Les prix pratiqués par les artisans sont aussi très élevés. Le tarif journalier des peintres, plombiers, électriciens est en moyenne de 15 000 Fc par jour. Les prix locaux des produits des menuisiers sont chers. Les maçons ne veulent être plus payés par jour et en globalité avec chiffres proposés qui dépassent parfois l’entendement.

Au niveau des secteurs sociaux, la population est opprimée par les prix pratiqués dans le privé par les médecins, les laborantins, les paramédicaux et les pharmaciens. Une consultation de 4 minutes chez un médecin coute 7500 Fc voire 10 000 Fc chez certains spécialistes et le prix moyen des médicaments d’une ordonnance est d’environ 15 000 Fc. Le prix d’écolage d’un enfant dans une école privée est de l’ordre de 17 500 Fc. Pour une famille qui a trois enfants, il faudra une somme 50 000 Fc pour payer les écolages mensuels, sans compter les frais de transport journaliser dans un pays qui ne dispose ni de transport scolaire, ni de transport public.

En plus de tous ces secteurs, il faudra rajouter l’actuel prix du carburant et du prix du kilowatt.
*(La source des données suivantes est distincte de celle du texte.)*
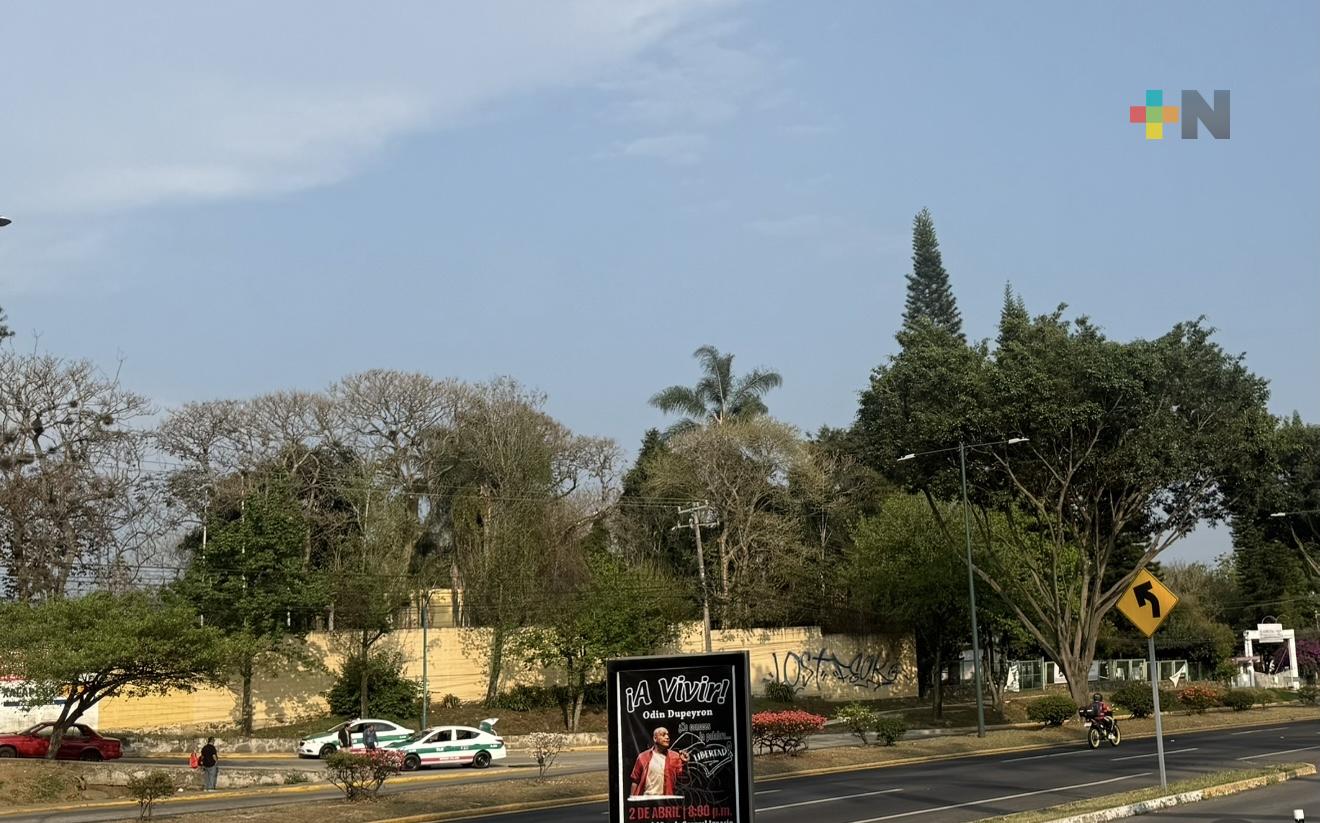 Cielo despejado a medio nublado con probabilidad baja de lluvias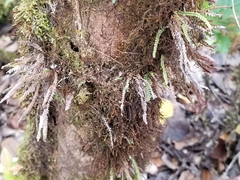 Stenogrammitis saffordii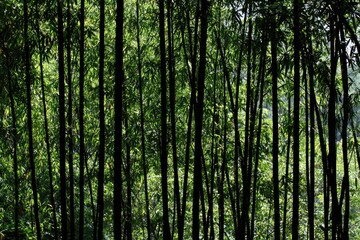 Obraz premium Dense bamboo forest, vibrant green stems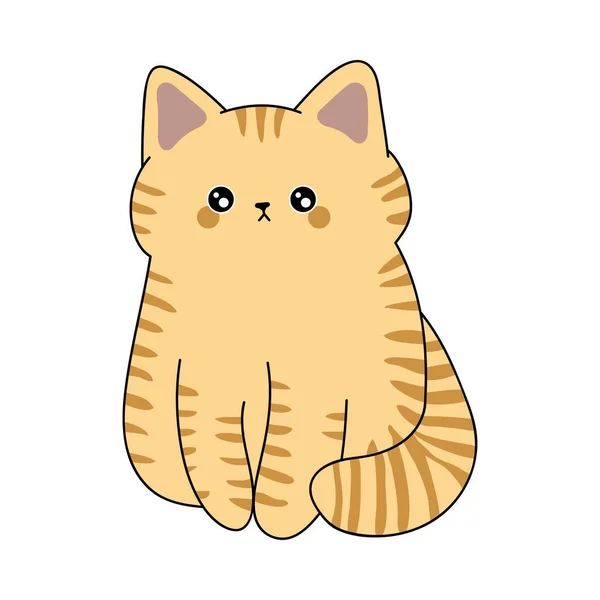 Ευρωπαϊκή Εικόνα Γάτας Βραχέων Αποστάσεων Εικονογράφηση Διάνυσμα Ενός Χαριτωμένου Γατάκι — Διανυσματικό Αρχείο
C’est à se demander comment les Comoriens et les Comoriennes, avec leur pouvoir d’achat réduit actuel, les salaires misérables du secteur privé, le taux de chômage anormalement élevé, arrivent à se nourrir, à se soigner et à éduquer leurs enfants. Des services sociaux qui sont en grande partie privatisées. Les écoles publiques et les hôpitaux ne sont fréquentés par ceux et celles qui n’ont pas d’autres options.  En réalité, les Comoriens et les Comoriennes broient du noir et ne mendient pas pour la plupart d’entre eux, juste pour préserver leur dignité et leur honneur.

La vie est trop chère aux Comores, une cherté artificielle entretenue parfois par des commerçants véreux. Le gouvernement de l’Union et les exécutifs des iles doivent prendre les mesures qui s’imposent pour lutter contre cette cherté de la vie qui tue à petit feu notre population. Car, avec cette vie chère, les comoriens sont condamnés à enfreindre la loi dans tous les secteurs pour survivre et subvenir à leurs besoins élémentaires.

Comores droit 

1 commentaire sur Une vie de plus en plus chère et difficile !
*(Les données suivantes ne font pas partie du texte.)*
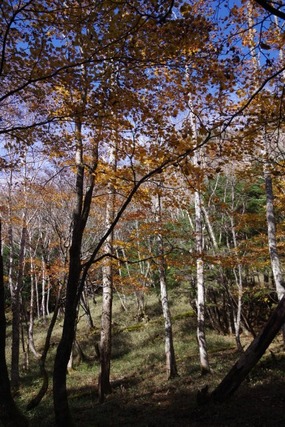 IMGP2619 (カスタム)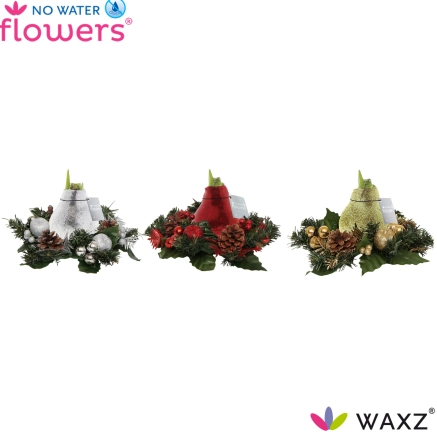 Амариліс "Крісмас" декор у воску, артикул: 54184 Зображення товару Амариліс "Крісмас" декор у воску, артикул: 54184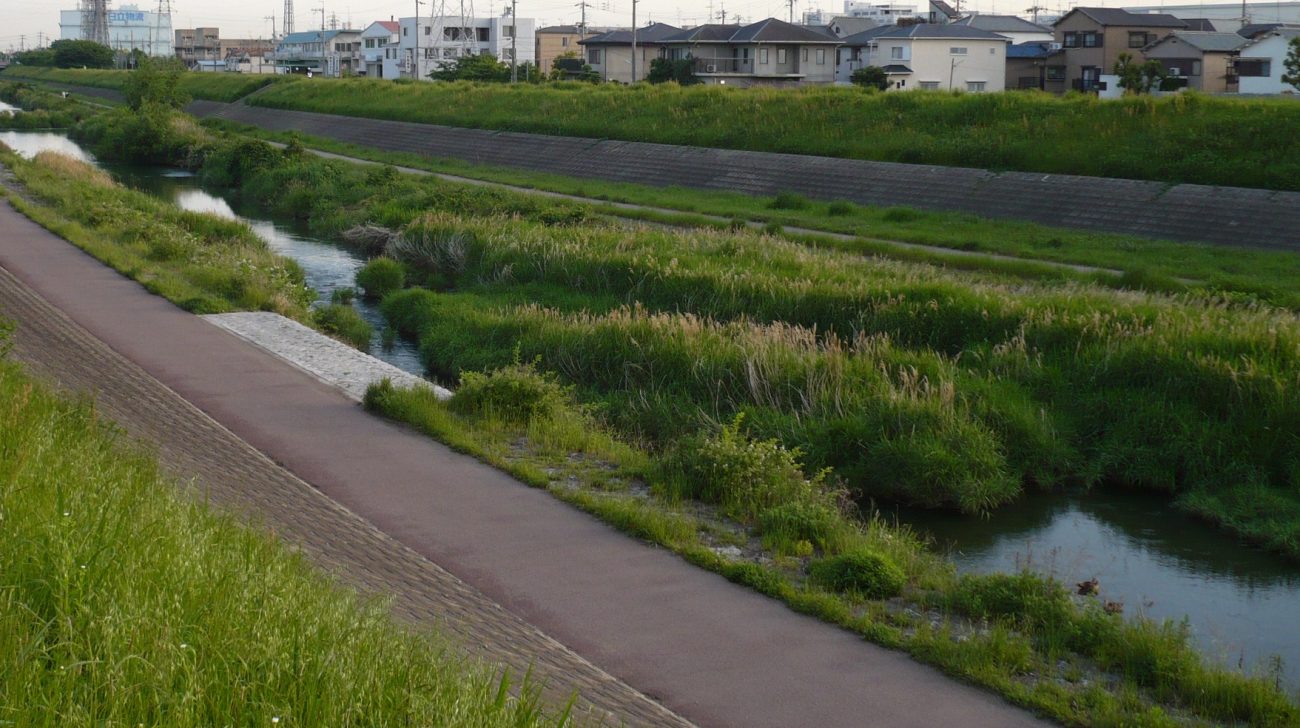 川の河川敷と土手の遊歩道（大阪府茨木市、2008年撮影）
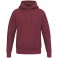 Sweat à capuche TS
  1. Quand un comorien ouvre sa bouche, c’est pour bâiller.
    Une population ou un individu pourrait changer une situation jugée indésirable.
    Aux Comores, les prix ne sont fixés par la rencontre entre l’offre et la demande et encore loin par le gouvernement. Mais, qui fixe les prix aux pays des aveugles ?

    D’abord, l’inflammation doit être contrôlée par une banque qui s’appelle banque centrale.car, elle est chargée de la surveillance des prix afin d’éviter une inflation à laquelle peut être une source des difficultés pour les salariés modestes. Par ailleurs, si la banque centrale ne joue pas son rôle de régulateur, les prix ne cesseront d’augmenter.
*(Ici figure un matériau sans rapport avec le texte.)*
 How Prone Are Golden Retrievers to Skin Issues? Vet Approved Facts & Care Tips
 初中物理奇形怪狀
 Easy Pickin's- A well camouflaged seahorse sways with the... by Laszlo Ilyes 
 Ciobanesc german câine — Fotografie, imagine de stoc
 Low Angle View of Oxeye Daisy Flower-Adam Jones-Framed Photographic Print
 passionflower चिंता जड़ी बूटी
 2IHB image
    Ensuite, la population peut se manifester contre les prix chers. D’AILLEURS, il y a un pays dont sa population s’est révoltée contre la hausse de 20centimes, pour le pain. En effet, AZALl ne tient le volant du pays. C’EST un dinosaure du passé. Il n’a pas compris le monde moderne. Donc, les prix doivent être régulés par la banque centrale.